Other possibilities I would like to explore are overlaying the titles on the image itself as they are not noticeable in small font, at the bottom of the screen, as they briefly appear after each image loads. Having made this visual representation of an important class rubric, I am also now interested in having the students create such a multimedia resource themselves with images they choose and with voice threads they prepare where they paraphrase each criterion in their own words.

Some limitations and challenges I still want to work on are becoming more skilled at Internet search engines, whether it's Creative Commons or Google as it takes a long time to find the images or information I am searching for. I feel that with more practice and training must be able to speed up what seems to be an overlong process. Finding images took up the majority of the time Barb and I spent on the project. Embedding video and sharing video of a high visual and auditory quality and manageable size is another area where I need to improve. If we are to create and share such multimedia files with our students they need to be of high quality yet of a size that can be easily downloaded and shared via the Web 2.0 tools used by students and teachers at ISB to communicate and learn.


As for the course overall, I feel this course has given me skill and confidence with a larger tool set of Web 2.0 tools that I can draw upon for the benefit of enhanced student learning in my classes. Since this third course began on September 9th (just seven weeks ago) I now have an account and have posted and shared multiple resources on Google Docs, VoiceThread, SlideShare, and YouTube with my students, colleagues and the larger community of Internet users. (I have also continued to use and explore new uses of our school's Moodle-based course management system, PantherNet) Finally, I leave this third course with an understanding and appreciation of the importance and value of supporting (and where it fits in with my course curricula teaching) visual literacy (along with information and technological literacy) in my ESL and science classes. Big changes in just 7 weeks!

Screencasts in the High School Science and ESL classrooms















As stated in a previous blog (October 13), screencasts have been used in the HS science classes at International School Bangkok (ISB) to guide students through the steps of using Logger Pro on the Physics 9 course CD for about six to seven years now. These screencasts are very effective as they allow students to view the screencast at any time to learn, practice, review and reinforce the proper use of the tools and skills demonstrated. A screencast provides synchronous visual and auditory input with the ability to pause, rewind, and replay as needed.

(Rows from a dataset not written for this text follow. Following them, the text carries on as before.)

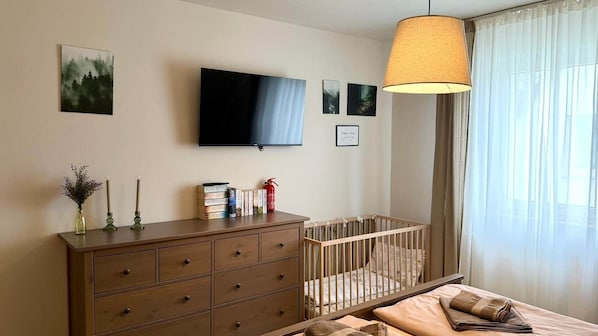 Un dormitorio con una cuna, un televisor montado en la pared, un aparador y una ventana con cortinas de gasa.
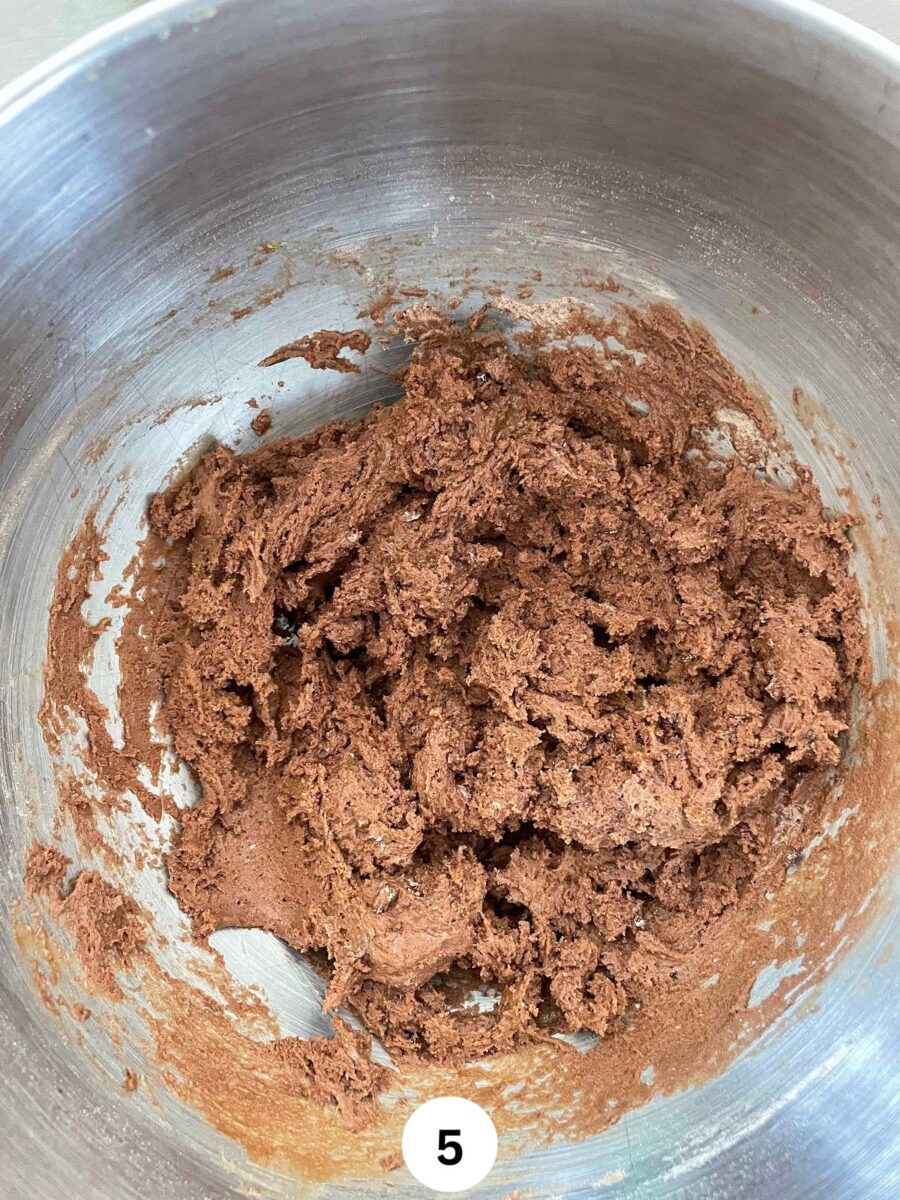 chocolate muffin batter in a stainless steel mixing bowl.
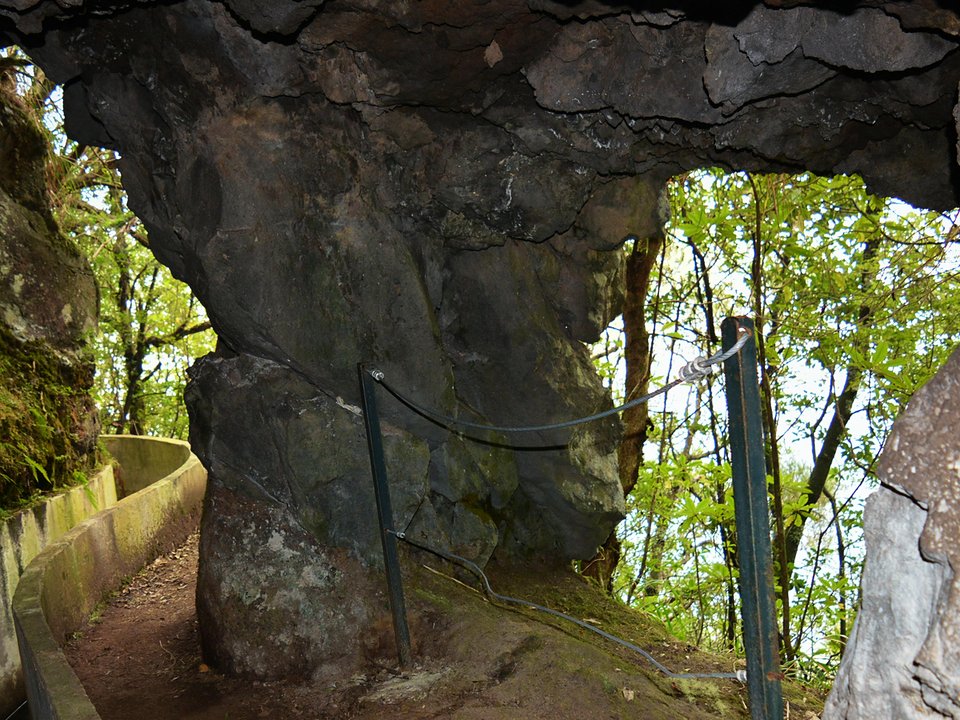 Rock-cut arch and concrete channel box along the cliffside section above Ribeira da Metade on PR 10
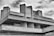 A Brutalist architectural structure with distinct geometric shapes and exposed concrete surfaces. The building features angular lines and large, rectangular columns, set against a partly cloudy sky.
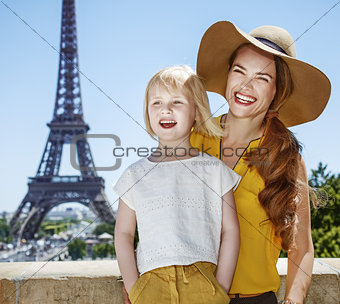 portrait of mother and daughter travellers in Paris, France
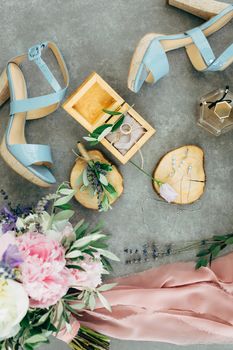 Wedding rings lie in a wooden box surrounded by sandals with heels, flowers and twigs, a bouquet and a scarf on the floor. High quality photo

Screencasts have yet to make their way into the ESL classrooms at ISB, as most of our lessons do not "lend themselves to fixed demonstrations" outside of our use of a fixed set of technological tools such as panthernet (ISB's online course management system), turnitin.com, and course wikis/blogs (7 Things...). However, after reading the article, 7 things you should know about...Screencasting, I would like to try using screencasting to bring together a synchronous and chronological visual and voice-over audio component to online editing of students' papers. In the article it states that teachers can
use screencasts to provide richer feedback on student performance than a marked-up paper offers. A screencast can show students what faculty are marking and let them hear the instructor’s narrative about the reasons behind those marks (7 Things...)
Given the twenty to thirty minutes it takes to edit one student's paper, most editing work takes place outside of the classroom—during office hours or at home. Either way, it is typical for a student not to be present when a teacher is marking his/her paper. For many students, this asynchronous nature of the editing and feedback component of the writing process can be challenging and even problematic and results in fewer learning opportunities, or opportunities to improve as a writer, as the student is a passive recipient of the feedback and often not able to completely and fully understand all the editing remarks and feedback received without the ability to conference with the teacher. Papers are often returned to students online or in person but with no, or limited, conference time. Teacher edits and feedback are provided as abbreviated editing symbols or text, which end up being indecipherable and incomprehensible input for too many students too often.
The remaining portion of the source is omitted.